Fuel for the work already happening.

You’ve made it through grooming and started lifting. Your body is asking for fuel and you’re about to feed it whatever you’ve been feeding it for the last twenty years. This is the pillar where the system either takes hold or falls apart, because nutrition is where everyone has the strongest opinions, the loudest cultural noise, and the longest history of failure. The Reload version is built for the man who’s tried every diet and is tired of dieting.

What It Does

What this pillar actually does.

Carter doesn’t start with macros. He doesn’t ask you to weigh your food. He doesn’t hand you a meal plan. The first stage of the nutrition pillar is a set of simple guidelines designed to get your default eating out of crisis mode without requiring tracking, apps, or spreadsheets. Expect to adapt to stage one within a few weeks. The point isn’t optimization. It’s pulling the wheel away from whatever has been driving your eating for the last decade.

Carter has practical answers for men who can’t cook. Specific grocery store shortcuts. Specific fast casual options that work in a pinch. The point of stage one isn’t perfection. It’s making it possible to eat well without rearranging your life.

Once your default eating has shifted and the cravings for processed food have started to fade (and I believe they will), Carter introduces stage two. Maintenance calories calculated by a specific formula based on what actually worked for me. A macro ratio in specific proportions. Tracking. A food scale. This is the phase where the body actually transforms, but it only works if stage one has already installed the habits underneath it.

The numbers, the formula, and the food list are not on this page. That’s not an accident. The reason men succeed on Carter’s protocol where they failed on others isn’t because the numbers are secret. It’s because Carter calibrates them to your body, your training, and your starting point, and because the gatekeeping forces you to earn each phase before you get the next one. You can’t shortcut your way past the foundation. The system is designed to refuse to let you.

The Order

Why nutrition goes third in The Sequence.
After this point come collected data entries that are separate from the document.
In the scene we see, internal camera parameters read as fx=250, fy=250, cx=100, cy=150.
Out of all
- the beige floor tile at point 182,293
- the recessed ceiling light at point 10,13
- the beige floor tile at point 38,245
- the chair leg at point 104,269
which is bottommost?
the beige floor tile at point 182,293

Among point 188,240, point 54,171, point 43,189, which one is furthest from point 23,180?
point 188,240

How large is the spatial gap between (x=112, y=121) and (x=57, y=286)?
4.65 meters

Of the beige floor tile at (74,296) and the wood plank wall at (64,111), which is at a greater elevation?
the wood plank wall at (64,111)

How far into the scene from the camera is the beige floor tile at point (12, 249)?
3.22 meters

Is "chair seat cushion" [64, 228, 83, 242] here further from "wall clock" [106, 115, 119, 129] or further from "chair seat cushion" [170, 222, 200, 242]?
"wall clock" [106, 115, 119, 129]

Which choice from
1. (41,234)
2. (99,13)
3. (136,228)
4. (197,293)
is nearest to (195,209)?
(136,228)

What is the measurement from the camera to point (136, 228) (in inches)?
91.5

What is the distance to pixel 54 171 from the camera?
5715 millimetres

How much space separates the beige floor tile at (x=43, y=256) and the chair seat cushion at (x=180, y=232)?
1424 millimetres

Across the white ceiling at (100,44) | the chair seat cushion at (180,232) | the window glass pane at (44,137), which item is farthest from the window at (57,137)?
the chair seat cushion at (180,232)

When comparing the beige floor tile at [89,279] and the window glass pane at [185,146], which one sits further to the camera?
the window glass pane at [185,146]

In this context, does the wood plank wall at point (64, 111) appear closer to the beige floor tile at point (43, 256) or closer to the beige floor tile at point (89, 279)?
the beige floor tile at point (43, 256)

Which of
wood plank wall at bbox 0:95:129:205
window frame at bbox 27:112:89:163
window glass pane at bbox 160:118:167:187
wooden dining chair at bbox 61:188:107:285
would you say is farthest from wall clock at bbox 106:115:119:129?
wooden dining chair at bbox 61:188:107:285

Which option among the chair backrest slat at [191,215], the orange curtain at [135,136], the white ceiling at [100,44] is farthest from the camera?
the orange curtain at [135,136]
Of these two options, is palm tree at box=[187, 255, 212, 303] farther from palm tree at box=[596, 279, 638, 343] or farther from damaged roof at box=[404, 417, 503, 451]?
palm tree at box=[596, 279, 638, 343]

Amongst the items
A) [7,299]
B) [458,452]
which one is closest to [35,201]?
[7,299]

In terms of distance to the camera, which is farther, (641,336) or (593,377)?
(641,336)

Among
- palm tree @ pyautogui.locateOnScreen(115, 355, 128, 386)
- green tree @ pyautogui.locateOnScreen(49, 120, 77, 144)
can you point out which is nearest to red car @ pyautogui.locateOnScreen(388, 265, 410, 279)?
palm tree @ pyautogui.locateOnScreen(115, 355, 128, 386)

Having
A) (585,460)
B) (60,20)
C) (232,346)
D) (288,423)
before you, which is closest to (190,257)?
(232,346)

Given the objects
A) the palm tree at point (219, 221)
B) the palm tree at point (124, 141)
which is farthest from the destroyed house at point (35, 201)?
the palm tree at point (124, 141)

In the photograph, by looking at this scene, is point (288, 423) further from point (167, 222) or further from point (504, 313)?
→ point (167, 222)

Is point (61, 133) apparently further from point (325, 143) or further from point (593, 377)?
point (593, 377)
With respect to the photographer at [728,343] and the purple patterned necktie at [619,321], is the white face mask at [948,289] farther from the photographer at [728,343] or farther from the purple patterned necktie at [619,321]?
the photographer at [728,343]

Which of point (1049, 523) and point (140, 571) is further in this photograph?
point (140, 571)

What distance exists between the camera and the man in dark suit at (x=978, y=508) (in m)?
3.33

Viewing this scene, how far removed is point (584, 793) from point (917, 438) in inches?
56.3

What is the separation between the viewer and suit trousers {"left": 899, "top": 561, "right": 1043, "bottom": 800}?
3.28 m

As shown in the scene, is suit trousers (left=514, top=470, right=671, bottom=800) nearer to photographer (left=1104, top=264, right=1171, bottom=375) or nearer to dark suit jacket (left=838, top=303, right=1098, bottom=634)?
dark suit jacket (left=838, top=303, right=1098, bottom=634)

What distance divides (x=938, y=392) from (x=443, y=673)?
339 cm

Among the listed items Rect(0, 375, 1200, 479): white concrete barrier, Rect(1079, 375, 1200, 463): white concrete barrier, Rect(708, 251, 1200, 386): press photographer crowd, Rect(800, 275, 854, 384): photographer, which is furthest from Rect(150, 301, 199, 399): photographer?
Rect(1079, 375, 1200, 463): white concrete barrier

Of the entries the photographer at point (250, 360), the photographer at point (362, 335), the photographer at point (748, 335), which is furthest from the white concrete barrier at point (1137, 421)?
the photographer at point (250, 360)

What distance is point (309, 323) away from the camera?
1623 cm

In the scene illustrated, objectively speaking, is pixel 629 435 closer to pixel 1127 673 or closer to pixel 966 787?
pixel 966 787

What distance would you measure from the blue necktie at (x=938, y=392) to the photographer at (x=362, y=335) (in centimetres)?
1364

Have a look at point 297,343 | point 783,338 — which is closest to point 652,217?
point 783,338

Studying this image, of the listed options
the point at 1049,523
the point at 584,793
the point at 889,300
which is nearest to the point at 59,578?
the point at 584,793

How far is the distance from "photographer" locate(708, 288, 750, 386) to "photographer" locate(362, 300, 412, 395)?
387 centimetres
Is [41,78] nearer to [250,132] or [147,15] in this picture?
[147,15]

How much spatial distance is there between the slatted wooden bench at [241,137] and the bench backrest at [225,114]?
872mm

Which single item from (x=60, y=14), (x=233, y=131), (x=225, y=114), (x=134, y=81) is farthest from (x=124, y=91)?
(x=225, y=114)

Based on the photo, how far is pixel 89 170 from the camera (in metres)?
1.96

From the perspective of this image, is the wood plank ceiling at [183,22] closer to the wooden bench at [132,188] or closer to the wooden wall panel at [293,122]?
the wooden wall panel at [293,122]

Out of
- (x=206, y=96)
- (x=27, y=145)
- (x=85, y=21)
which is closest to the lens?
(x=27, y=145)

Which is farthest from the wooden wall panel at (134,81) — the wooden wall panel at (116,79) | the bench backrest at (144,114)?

Nutrition is the next hardest thing to overcome after grooming and fitness, which is exactly why it goes here. By the time you arrive at this pillar, you’ve already built the daily routine and you’re putting in the work in the gym. You’ve earned some momentum. The system places nutrition third because it’s the lift you couldn’t have made earlier without that momentum underneath it.
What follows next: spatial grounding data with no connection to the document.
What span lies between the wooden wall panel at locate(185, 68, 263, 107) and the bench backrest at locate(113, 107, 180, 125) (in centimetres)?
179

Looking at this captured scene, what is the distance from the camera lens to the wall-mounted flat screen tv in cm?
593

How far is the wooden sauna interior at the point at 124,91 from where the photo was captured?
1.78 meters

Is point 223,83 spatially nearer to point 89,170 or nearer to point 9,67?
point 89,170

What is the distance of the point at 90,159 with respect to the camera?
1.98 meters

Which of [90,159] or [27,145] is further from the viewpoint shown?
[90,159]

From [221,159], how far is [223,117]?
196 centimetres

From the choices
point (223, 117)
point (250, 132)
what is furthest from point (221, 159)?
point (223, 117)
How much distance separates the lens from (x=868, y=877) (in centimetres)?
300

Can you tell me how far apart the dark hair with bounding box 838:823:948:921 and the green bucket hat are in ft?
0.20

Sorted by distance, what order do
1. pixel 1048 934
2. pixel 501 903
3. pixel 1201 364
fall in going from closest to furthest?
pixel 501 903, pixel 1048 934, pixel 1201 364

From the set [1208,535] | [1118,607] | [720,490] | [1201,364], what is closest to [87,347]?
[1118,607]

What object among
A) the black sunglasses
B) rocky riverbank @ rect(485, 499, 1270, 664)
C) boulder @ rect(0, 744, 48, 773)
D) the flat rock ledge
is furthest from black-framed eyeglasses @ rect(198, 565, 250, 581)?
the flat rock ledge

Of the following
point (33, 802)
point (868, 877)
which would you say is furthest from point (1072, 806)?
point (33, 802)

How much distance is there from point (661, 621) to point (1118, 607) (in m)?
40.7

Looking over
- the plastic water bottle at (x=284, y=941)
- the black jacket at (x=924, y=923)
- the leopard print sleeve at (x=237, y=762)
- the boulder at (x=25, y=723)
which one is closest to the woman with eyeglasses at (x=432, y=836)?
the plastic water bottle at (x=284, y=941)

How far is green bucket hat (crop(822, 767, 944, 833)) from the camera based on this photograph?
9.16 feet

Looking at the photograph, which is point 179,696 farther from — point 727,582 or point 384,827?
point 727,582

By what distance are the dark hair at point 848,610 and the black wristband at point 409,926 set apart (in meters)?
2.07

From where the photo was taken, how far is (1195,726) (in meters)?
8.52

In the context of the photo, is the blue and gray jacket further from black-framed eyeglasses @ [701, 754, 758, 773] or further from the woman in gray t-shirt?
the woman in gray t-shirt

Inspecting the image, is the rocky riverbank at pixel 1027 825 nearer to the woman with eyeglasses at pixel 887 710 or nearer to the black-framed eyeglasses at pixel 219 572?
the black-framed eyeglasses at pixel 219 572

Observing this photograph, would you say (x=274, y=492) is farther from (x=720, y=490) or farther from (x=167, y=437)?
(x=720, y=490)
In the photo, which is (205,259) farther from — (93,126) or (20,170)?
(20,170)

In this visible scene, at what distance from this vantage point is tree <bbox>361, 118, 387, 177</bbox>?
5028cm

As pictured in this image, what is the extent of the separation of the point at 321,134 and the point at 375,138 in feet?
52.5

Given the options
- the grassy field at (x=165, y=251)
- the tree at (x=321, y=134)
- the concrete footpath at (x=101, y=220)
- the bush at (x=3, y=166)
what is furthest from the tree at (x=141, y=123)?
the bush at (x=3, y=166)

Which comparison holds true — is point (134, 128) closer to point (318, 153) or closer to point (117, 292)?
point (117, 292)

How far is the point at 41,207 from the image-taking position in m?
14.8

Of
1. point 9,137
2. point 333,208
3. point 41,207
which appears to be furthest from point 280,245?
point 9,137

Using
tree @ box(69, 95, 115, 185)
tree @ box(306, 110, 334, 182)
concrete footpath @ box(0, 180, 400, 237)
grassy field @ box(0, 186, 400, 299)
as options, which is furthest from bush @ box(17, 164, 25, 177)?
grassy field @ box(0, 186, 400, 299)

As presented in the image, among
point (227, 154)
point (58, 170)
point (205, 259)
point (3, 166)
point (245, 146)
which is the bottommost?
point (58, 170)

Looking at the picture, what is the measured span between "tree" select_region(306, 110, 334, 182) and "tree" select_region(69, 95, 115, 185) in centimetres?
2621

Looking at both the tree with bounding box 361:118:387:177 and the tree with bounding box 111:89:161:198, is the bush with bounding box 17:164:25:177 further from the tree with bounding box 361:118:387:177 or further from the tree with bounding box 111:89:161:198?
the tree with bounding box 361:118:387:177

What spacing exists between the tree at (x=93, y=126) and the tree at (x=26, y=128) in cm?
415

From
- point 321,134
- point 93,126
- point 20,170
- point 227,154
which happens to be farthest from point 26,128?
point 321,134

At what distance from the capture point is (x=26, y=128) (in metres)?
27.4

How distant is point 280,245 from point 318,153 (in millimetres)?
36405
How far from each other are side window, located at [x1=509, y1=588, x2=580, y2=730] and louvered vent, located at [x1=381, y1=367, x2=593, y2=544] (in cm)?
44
The other reason is timing. Most men start to plateau around the point where the early gains from grooming and fitness begin slowing down. The mirror stops changing as fast. The bench press number stops moving as quickly. Motivation gets thin. Nutrition arrives at exactly that moment as a multiplier on everything you’re already doing. Skin quality improves further because the body is finally being fueled correctly. Strength gains accelerate because there’s enough material to build with. Energy and recovery improve, which means harder workouts, which means more progress. The pillar is positioned to land precisely when the prior pillars need a boost to keep producing.
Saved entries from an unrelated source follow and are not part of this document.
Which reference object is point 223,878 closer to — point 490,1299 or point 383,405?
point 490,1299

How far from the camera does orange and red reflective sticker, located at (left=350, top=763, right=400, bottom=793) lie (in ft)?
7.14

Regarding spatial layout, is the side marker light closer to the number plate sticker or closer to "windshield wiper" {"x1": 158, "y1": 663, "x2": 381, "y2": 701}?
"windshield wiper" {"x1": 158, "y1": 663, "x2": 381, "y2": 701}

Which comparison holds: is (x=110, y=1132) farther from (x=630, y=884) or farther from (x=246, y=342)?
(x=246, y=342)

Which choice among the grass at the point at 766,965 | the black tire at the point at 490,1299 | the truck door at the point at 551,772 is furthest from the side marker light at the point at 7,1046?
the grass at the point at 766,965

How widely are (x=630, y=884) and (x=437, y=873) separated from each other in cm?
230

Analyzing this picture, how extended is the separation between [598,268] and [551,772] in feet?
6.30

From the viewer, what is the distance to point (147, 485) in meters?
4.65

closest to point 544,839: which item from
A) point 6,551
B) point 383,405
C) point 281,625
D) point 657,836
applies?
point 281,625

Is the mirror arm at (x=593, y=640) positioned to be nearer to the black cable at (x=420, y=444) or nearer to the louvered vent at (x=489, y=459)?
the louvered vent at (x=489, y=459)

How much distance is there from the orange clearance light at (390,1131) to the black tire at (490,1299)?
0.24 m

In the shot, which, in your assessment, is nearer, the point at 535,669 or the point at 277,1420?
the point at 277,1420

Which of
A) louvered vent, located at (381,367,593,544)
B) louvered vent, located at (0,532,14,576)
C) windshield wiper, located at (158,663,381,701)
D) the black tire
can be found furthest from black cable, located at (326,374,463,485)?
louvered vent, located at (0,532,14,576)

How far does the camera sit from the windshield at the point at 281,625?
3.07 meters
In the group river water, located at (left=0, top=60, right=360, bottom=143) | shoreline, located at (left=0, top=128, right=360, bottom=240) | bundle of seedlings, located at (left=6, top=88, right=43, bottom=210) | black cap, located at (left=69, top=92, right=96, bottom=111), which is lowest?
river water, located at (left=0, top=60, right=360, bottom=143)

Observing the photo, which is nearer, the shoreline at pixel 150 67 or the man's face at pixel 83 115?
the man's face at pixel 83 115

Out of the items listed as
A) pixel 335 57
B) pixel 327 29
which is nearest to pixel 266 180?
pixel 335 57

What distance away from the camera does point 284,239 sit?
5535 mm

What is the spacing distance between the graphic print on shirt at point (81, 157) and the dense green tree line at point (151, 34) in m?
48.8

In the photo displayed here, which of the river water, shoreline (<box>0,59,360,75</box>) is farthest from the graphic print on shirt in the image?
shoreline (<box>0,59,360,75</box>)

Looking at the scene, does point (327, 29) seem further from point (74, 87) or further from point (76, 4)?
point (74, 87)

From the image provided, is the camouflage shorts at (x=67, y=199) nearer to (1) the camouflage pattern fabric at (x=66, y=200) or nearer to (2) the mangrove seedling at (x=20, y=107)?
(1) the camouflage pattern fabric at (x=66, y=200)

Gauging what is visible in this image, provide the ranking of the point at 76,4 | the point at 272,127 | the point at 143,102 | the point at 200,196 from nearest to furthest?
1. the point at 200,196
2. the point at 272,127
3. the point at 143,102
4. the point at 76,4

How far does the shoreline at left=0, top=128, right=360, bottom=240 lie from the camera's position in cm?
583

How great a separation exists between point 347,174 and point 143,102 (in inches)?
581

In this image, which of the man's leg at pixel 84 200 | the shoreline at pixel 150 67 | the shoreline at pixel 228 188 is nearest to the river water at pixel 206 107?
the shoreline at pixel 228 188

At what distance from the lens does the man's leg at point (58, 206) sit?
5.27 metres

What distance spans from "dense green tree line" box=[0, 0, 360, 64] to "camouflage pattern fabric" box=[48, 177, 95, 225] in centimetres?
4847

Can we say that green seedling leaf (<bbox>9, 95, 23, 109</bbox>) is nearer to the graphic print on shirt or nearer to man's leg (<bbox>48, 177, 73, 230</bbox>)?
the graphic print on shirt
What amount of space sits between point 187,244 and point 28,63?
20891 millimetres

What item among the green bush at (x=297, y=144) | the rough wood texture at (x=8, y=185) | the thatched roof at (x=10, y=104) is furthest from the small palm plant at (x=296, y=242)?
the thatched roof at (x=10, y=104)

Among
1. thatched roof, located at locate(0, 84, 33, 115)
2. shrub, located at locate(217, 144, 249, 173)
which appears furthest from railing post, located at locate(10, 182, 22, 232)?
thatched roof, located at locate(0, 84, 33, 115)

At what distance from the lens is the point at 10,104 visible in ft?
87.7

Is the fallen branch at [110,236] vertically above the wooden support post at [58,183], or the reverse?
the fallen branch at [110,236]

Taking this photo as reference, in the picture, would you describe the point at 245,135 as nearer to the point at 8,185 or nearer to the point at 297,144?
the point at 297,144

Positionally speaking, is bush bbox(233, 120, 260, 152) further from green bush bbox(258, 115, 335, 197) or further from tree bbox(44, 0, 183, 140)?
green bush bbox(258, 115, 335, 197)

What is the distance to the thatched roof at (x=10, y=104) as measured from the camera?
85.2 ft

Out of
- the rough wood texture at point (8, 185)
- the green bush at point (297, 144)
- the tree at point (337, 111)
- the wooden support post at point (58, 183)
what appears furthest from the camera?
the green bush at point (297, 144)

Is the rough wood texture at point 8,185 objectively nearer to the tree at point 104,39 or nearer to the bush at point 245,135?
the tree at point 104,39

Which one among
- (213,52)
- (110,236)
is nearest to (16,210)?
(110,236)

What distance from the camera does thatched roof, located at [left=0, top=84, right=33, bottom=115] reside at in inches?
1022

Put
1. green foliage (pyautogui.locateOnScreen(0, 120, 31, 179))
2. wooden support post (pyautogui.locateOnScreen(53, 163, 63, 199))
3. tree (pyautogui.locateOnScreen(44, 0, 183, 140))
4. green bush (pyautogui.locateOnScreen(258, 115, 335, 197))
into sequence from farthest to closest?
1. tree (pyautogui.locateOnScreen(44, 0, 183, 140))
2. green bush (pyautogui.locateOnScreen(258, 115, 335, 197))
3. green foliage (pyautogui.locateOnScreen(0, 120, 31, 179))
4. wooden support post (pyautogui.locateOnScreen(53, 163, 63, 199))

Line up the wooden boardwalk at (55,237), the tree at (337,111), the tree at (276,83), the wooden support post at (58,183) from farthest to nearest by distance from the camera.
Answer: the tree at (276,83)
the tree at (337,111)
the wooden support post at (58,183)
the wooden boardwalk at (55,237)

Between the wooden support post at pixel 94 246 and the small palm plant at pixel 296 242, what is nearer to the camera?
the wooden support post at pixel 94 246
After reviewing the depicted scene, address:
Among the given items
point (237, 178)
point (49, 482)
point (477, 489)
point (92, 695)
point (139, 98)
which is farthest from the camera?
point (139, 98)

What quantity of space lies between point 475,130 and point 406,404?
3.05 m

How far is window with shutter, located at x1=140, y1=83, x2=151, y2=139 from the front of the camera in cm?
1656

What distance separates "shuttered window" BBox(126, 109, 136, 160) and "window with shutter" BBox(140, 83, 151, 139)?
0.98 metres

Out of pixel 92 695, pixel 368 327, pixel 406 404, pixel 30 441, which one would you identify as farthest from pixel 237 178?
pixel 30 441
There’s another reason this pillar matters that nobody talks about. Most men eating modern processed food are running on sugar and alcohol and don’t know it. When you start eating actual food in actual ratios for a few weeks, you find out something uncomfortable: you weren’t eating those things because you wanted to. You were eating them because you were dependent on them. Realizing you don’t need them is more than a nutritional insight. It’s a small proof that other things you thought you needed are also negotiable. The pillar trains a muscle the rest of your life will use.

Read more about The Sequence →

The Hard Way

What Marc learned the hard way.

I was an overweight kid. I’d eat full loaves of French bread by myself in one night. At 14 I tried a year of one rotation diet (chicken, rice, and black beans, oof) and got skinny by accident. It didn’t last. College and law school added the weight back through some combination of dorm food, fast food, and what I thought of as “feasts” — massive single meals that felt like rewards but were just untracked calories.

For about a decade I ate by feel. I thought I was being healthy. What I was actually doing was avoiding carbs because carbs were what made me fat as a kid, eating in a calorie deficit without knowing it, and convincing myself this was discipline.

The first thing I learned when I actually started tracking was that I was significantly undereating. I was 146 pounds at 5’9” and somehow not connecting that to the fact that I was visibly small and weak. The number on the screen was the thing that finally landed.

I increased my calories. I lost fat. I gained muscle. The transformation was so unexpected that I stopped trusting everything I’d believed about food up to that point. Strength went up. Body composition kept improving. None of it required restriction. All of it required more food, in better proportions.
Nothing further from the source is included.